Recommendations: Urgent technical and urban management
assistance should be offered to the Ministry of Municipalities
and a selected number of key municipalities around the country.
This assistance should be in the form of help in developing urban
management skills, training, planning, data-bases, and regional
and national networks. The Ministry should be helped to develop
its own urban management advising and training unit whose expertise
would then be available to all municipalities.
Project Proposals:
The Establishment of a Technical Habitat Advisory and Management
Unit.
This unit could provide management and monitoring services as
well as policy advice to the Ministry of Displaced, the Council
for the South (CFS), the Housing Bank, the Independent Fund for
Housing, the Ministry of Housing, the Council for Development
and Reconstruction (CDR), and other agencies involved in housing
construction. This Unit could be established independently or
as part of the Ministry of Displaced or the CFS. This Unit would
also offer vocational training programs and advice in on-going
construction projects.
The Establishment of an Urban Management Unit.

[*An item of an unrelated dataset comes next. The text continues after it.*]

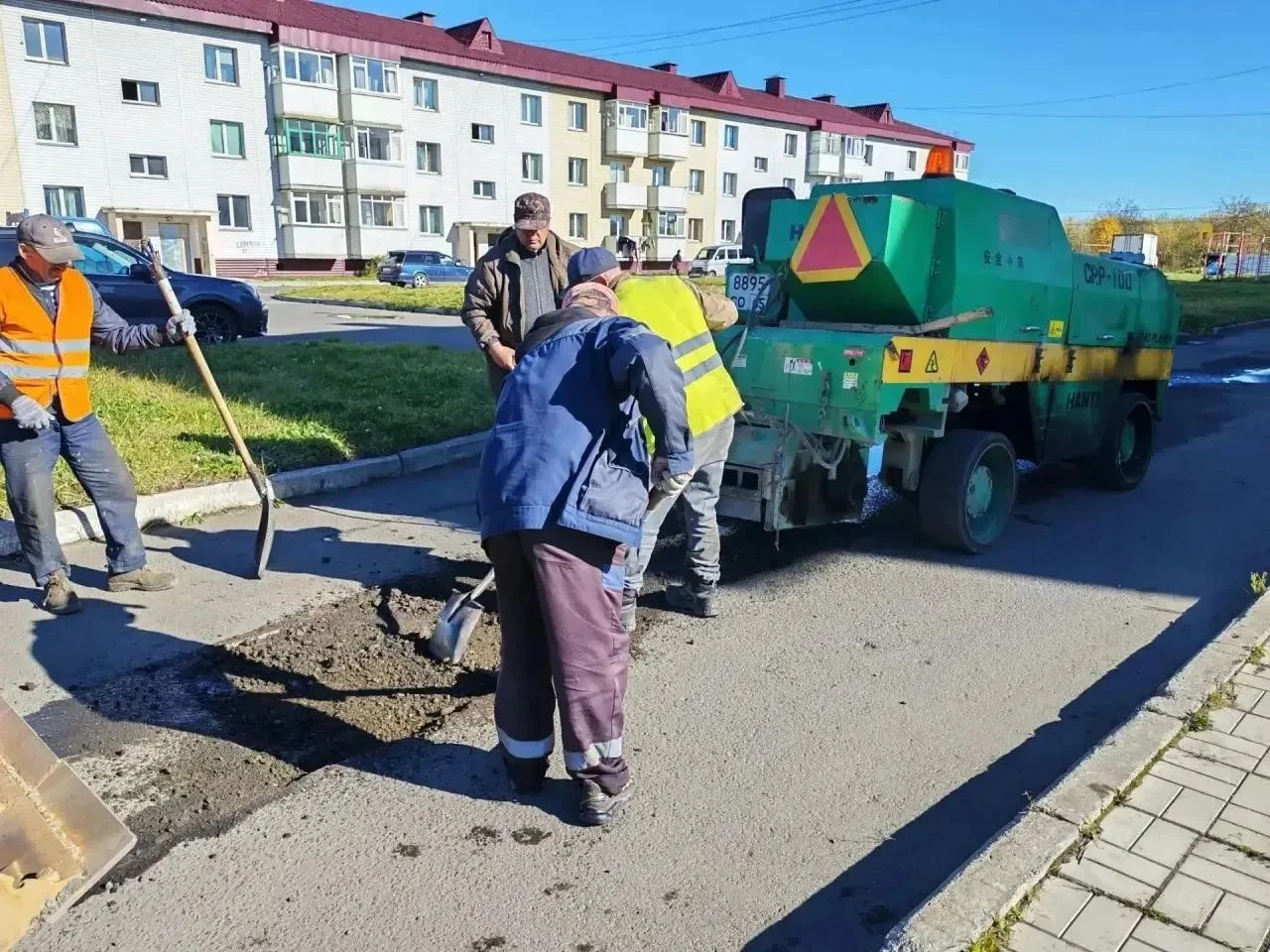 🍂🚧 Осень — время ямочного ремонта в Поронайске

This Unit would assist the Ministry of Municipalities and
various municipalities And various municipalities around the country
enhance their urban management skills and improve their delivery
of basic services and their management of revenues and local development.
In direct coordination with CDR, this Unit could operate on two
levels; with the Ministry of Municipal and Village Affairs on
one level, and a selection of several other municipalities (such
as Saida and Zahrani) on the other level.
Conclusion
Through all the needs listed in the findings, there is a common
thread of need in
Habitat could play an important role in this area, and a number of local government and local non-government agencies have indicated a willingness to cooperate with such a Habitat effort.